I have 4 27 watts CFL 6500k full spectrum in the hood, a light blue cardboard and plywood as reflection surfaces, and the max water depth would be about 19 inches. Originally the tank came with a 17 watts T8, not enough for plants to grow nicely.

I got some Staurogyne Repens and it seems to grow twice as fast in Floramax than gravel - I have two bunches in the tank, one in gravel one in floramax.

I guess the best move would be to wait until the household move, replace the substrate (gravel) with Floramax and rearrange the plants a bit... and maybe ask for more advice later in the fall, if needed. Maybe use some bleach at that point, and a really good cleanout as a startup point.

Trust me, at this point I am trying to get my plants up to eat the nutrients, but they only grow at a certain rate.


----------



## Raymond S. (Dec 29, 2012)

CFL bulbs have twice as much effect if used virtically than if used horizontally.
If you have it mounted virtical, then two of those is enough light for that tank.


----------



## gabriel.mi (Jun 16, 2014)

Well, when I designed the hood I did not leave enough room for them to be mounted vertically  so I guess using all four should be ok. I read somewhere about that and I wanted to make sure I have enough light - that's why the 4 bulbs, even if I don't get to a real 3 watts/gallon - I know that's not a real measurement unit


----------



## MedRed (May 20, 2008)

If you can live with the eggs, nerites will take care of what you've got.


----------



## ChadKruger (Mar 27, 2013)

The algae on the plant leaves is from your plants dying and leaching off nutrients at least IMO. You doing any kind of EI dosing? Your light is high enough you have Co2 you just need to get better ferts in the mix.


----------



## MedRed (May 20, 2008)

How are you measuring your CO2? Drop checker? PH controller?


----------



## gabriel.mi (Jun 16, 2014)

MedRed said:


> If you can live with the eggs, nerites will take care of what you've got.


There has to be a downside to everything, right? 

CO2 measured using dropchecker.

No EI dosing - I'll have to look into it and probably start doing that.


----------



## gabriel.mi (Jun 16, 2014)

Question: should I keep the UV light ON/OFF night/day instead of 5 days per week continuously? And with this should I dose Seachem flourish each couple of days?

You guys are so helpful in opening my eyes to some things.


----------



## gabriel.mi (Jun 16, 2014)

Found here an article that seems to be helpful:
http://www.ukaps.org/index.php?page=dosing-with-dry-salts


----------



## Dzrtman (Mar 4, 2014)

How many hours per day are your lights on?

Have you tried reducing the number of hours?


----------



## Raymond S. (Dec 29, 2012)

Excel is a product which has a useful life span of less than 24 hrs. As such, it is
almost completely ineffective when not used daily.
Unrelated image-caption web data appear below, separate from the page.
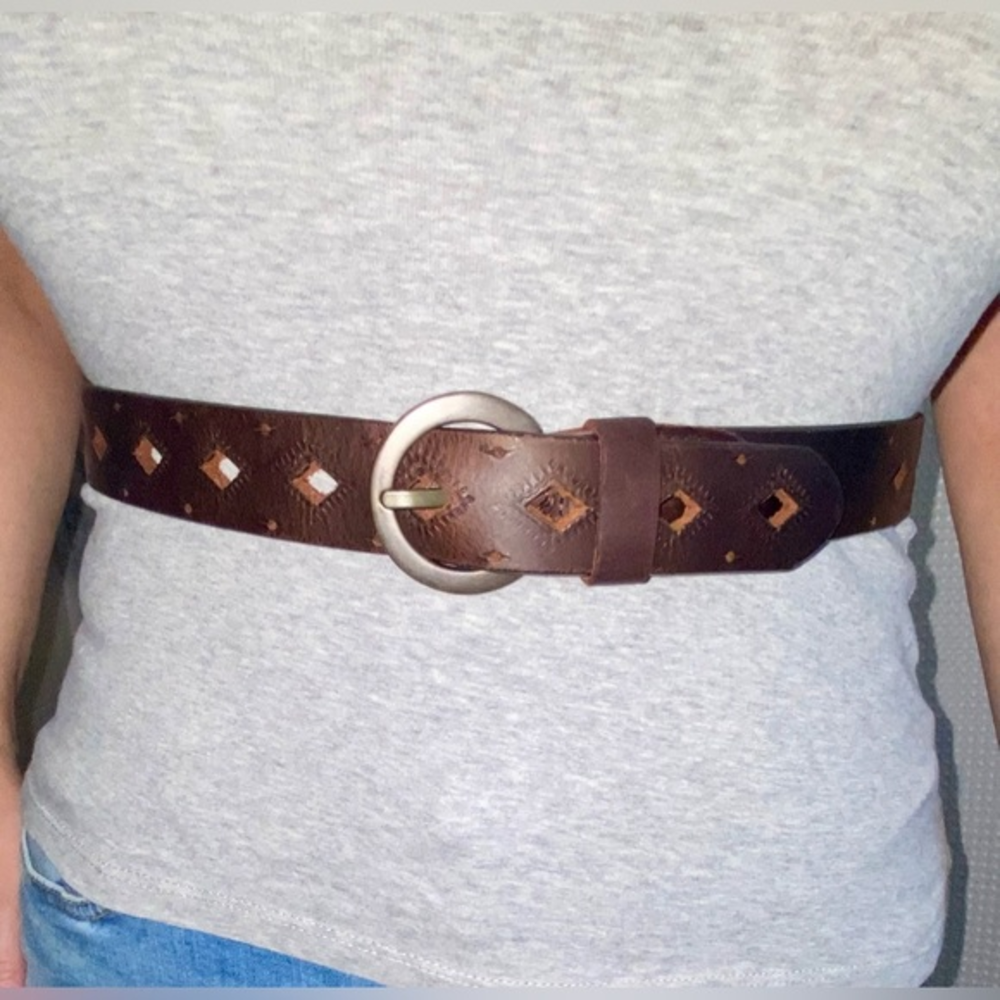 UNISEX dark walnut genuine quality Leather Belt fits 35’’ waist or less‎ size M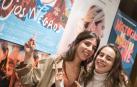 De izda. a dcha., Marta y Julia Lallana ante el cartel de 'Ojos negros'.
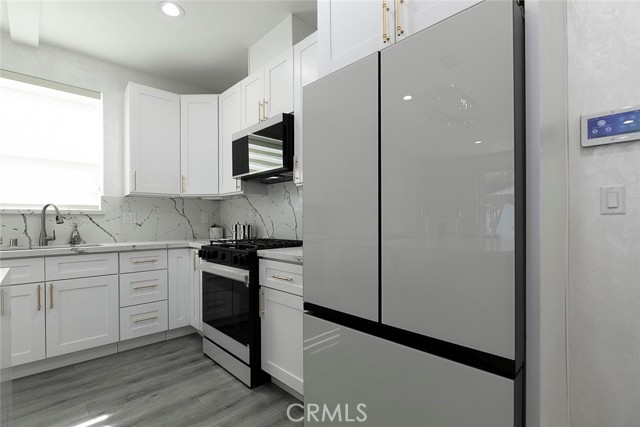 Detail Gallery Image 6 of 52 For 9124 N Nilo Ln, Panorama City,  CA 91402 - 4 Beds | 3/1 Baths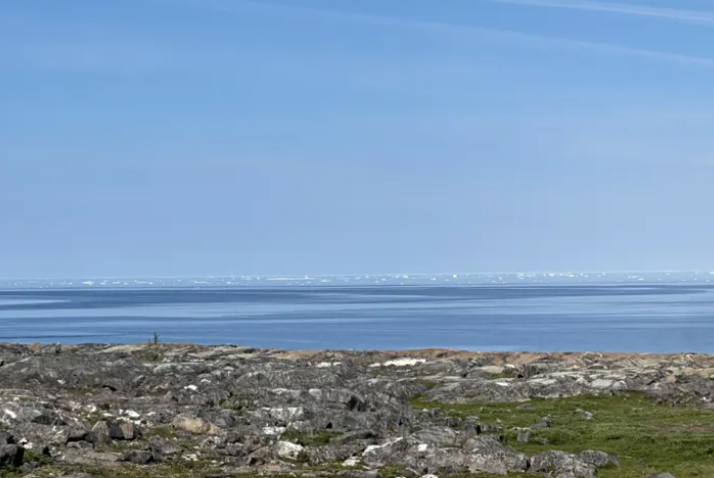 Hudson Bay shoreline, Churchill Manitoba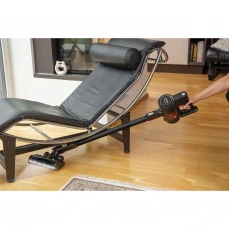 Štapni bežični usisivač sa motornom turbo četkom.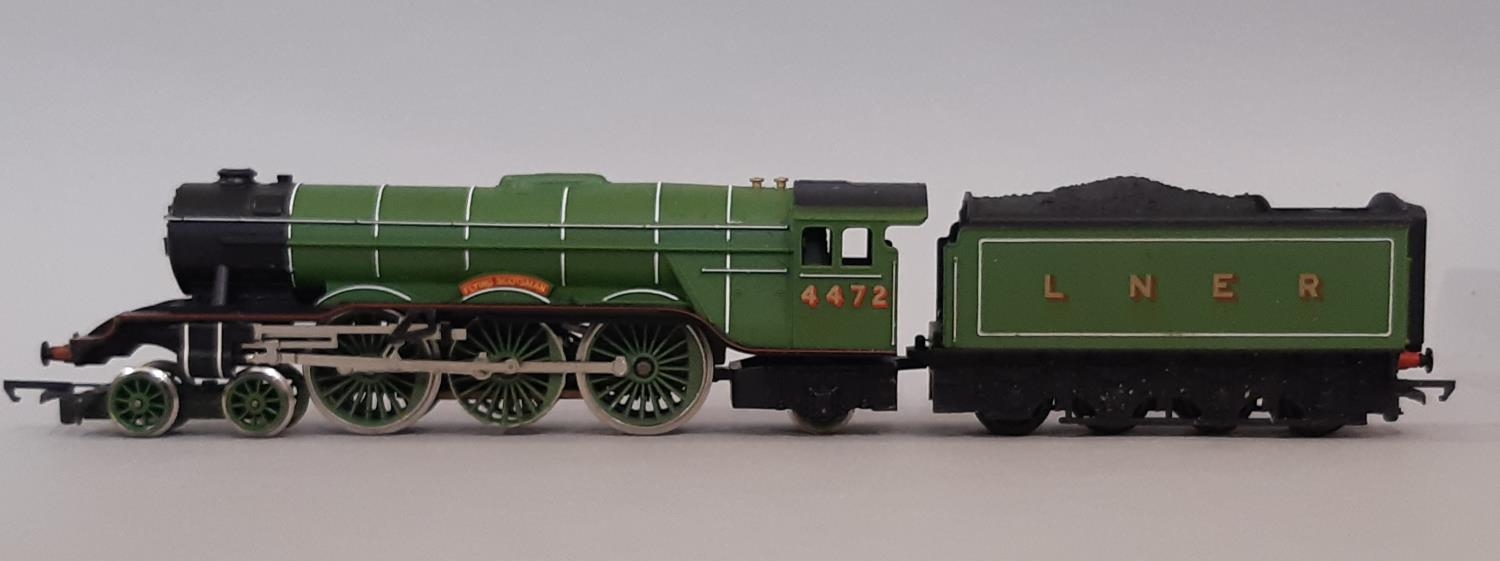 Hornby 00 gauge model railway items comprising boxed GWR Deans Goods locomotive R2064, 'The Flying - Image 2 of 5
This is not a comment about using it to spot dose directly onto an aria of algae.
I do not recall your stating the amount of hrs your lights are on each day.


----------



## Skeetz (Jan 25, 2014)

4th pic down what fish? i assume that you are using the 1 inch per gallon rule when you say "36 gallons, 36 inches of fish." please do not use that rule. sorry for off topic...


----------



## greaser84 (Feb 2, 2014)

Skeetz said:


> 4th pic down what fish? i assume that you are using the 1 inch per gallon rule when you say "36 gallons, 36 inches of fish." please do not use that rule. sorry for off topic...


Its not a rule more of a guideline. Original poster http://www.plantedtank.net/forums/showthread.php?t=203684


----------



## gabriel.mi (Jun 16, 2014)

Lights on 8-8.5 hours per day (11 AM - 7 PM). Fish tank is close to a window, but not directly in front of it. Window is facing north (towards woods), not too much light coming through it, anyways.

Excel - good to know.

4th pic - black skirt tetra - I left its face there for scale comparison. The tank has: 10 neons, 4 black skirts, 6 male guppies, 3 female guppies, 1 x 3" platy, 1 molly, 1 otto.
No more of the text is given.